In José Saramago final novel, he daringly reimagines the characters and narratives of the Old Testament. Placing the despised murderer Cain in the role of protagonist, this epic tale ranges from the Garden of Eden, when God realizes he has forgotten to give Adam and Eve the gift of speech, to the moment when Noah’s Ark lands on the dry peak of Ararat.
Condemned to wander forever after he kills his brother Abel, Cain makes his way through the world in the company of a personable donkey. He is a witness to and participant in the stories of Isaac and Abraham, the destruction of the Tower of Babel, Moses and the golden calf, and the trials of Job. Again and again, Cain encounters a God whose actions seem callous, cruel, and unjust.
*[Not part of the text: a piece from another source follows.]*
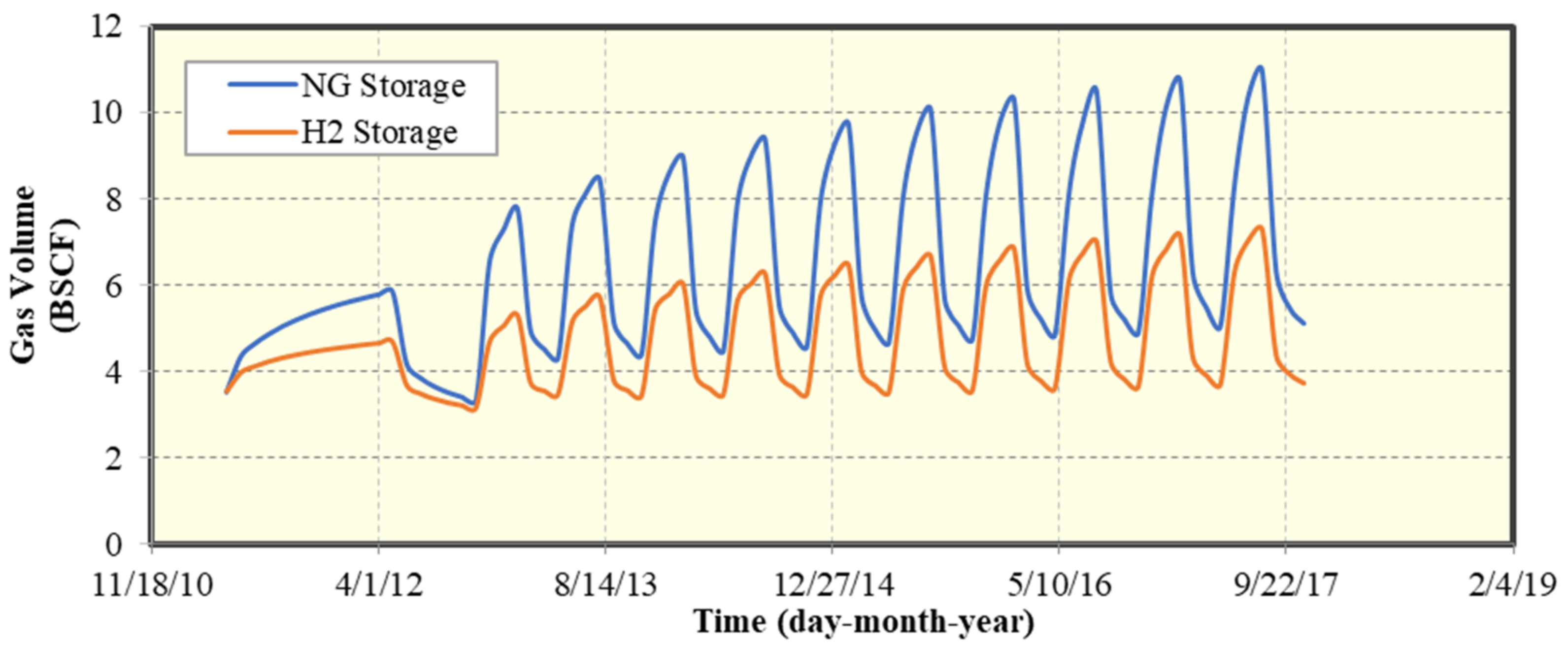 Energies 15 08132 g014 Energies 15 08132 g014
He confronts Him, he argues with Him. “And one thing we know for certain,” Saramago writes, “is that they continued to argue and are arguing still.”
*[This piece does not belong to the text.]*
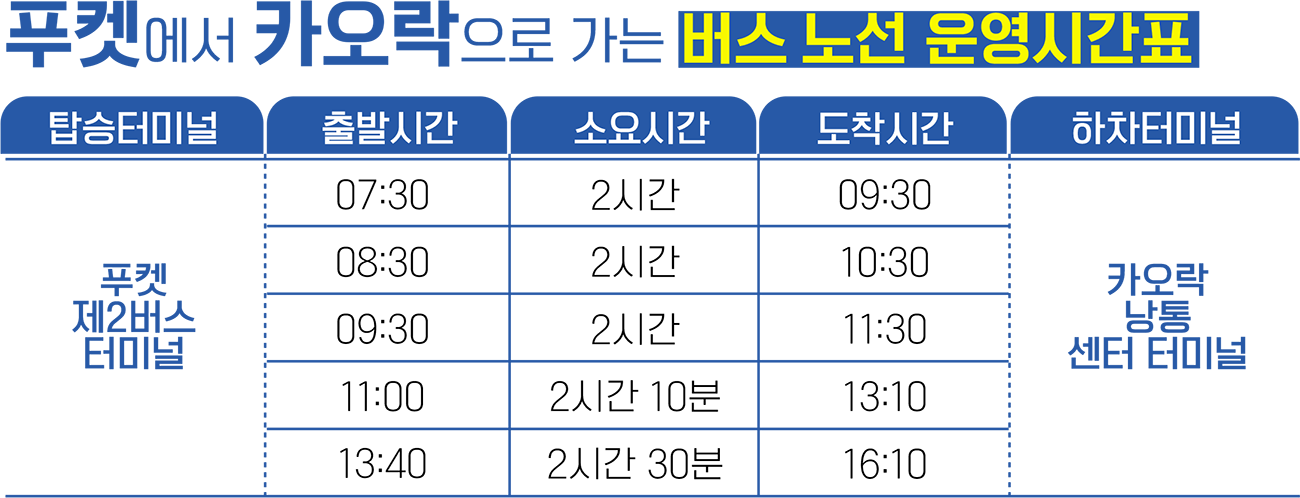 버스 스케쥴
"Cain's vagabond journey builds to a stunning climax that, like the book itself, is a fitting capstone to a remarkable career."—Publishers Weekly, starred review
This ebook includes a sample chapter of Jose Saramago’s Blindness.
PUBLISHERS WEEKLY
With breathtaking imagination, acclaimed Portuguese author Saramago (1922-2010), winner of the Nobel Prize in Literature in 1998, revels in biblical themes for his final novel. When Cain, the first-born son of Adam and Eve, murders his brother in rebellion against God, God shares in the guilt ("you gods should...take the blame for all the crimes committed in your name," Cain argues) and makes Cain "a fugitive and a vagabond upon the earth." Cain's travels across a barren landscape lead him to a lusty tryst with Lilith and the witnessing, or altering, of many key events of the Old Testament (the building of the Tower of Babel; the destruction of Sodom and Gomorrah). God appears often and is defined less by his perfection than his faults; He is morally ambiguous, "can't bear to see anyone happy," and doesn't understand his powerlessness in preventing Cain's meddling. Rounding out the narrative are angels who circumvent God's will, visions of the urban modernity that the future holds, an ironic description of Darwinian evolution, and God himself touting the heliocentric theory that will cause something of a ruckus five centuries on. Cain's vagabond journey builds to a stunning climax that, like the book itself, is a fitting capstone to a remarkable career.